In our language and literature, as well as thoughts, we use the word black or darkness to embody evil, and white or lightness to serve good. Inherently, black and dark are neither good nor bad, as white and light are neither bad nor good. But it comes as no accident that these constructions have entered the association of two races made unnaturally and harshly at odds with one another, black and white. But who, technically, is neither black nor white but rather shades of other colors.
It serves our masters well to keep us divided, and the closer to polar extremes, such as black and white makes it all the easier. Discord and division bolster governments with the ostensible need for their protection and oversight, ensuring their unending rule, our persistent servitude, and oppression.
There is another dividing factor among earthlings, human and animal. Like its counterpart black and white it too serves the drives of discrimination by an opportunistic lust, greed, and gluttony.
Expressions like, “She’s a pig,” or, “He’s an animal,” helps embolden speciesism. Like the wicked darkness and wondrous light in ways both subliminally and deliberately encourages racism.
We’re overdue an evolution of thought. From speciesism, racism, and elitism to unbridled equality. We begin this, in fact, have begun this through veganism.
To defend the life and liberty of those least able, the animals, we by a natural extension encourage the life and liberty of our own species.
Supporting the rights and freedoms of animals doesn’t follow on the heels of human rights and freedoms, it sets the foundation.

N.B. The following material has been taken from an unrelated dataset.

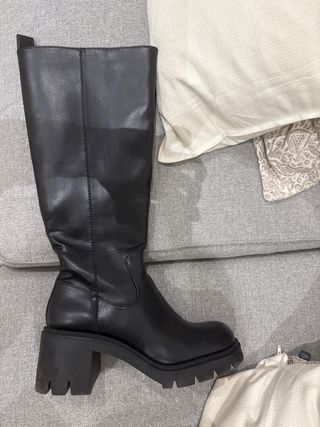 Botas altas negras Zara, numero 40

I’ll leave you with this thought. While there exist exceptions to the rule, by nature of their sympathy, vegans aren’t racists, they aren’t xenophobic or homophobic, nor gender biased. This is for them counterintuitive, having the basis of compassion for the most vulnerable. From this base, stretches a heightened and unwavering sense of equality, fairness, and justice for all earthlings, unmatched and more beneficial than the narrow concerns of the mere humanist.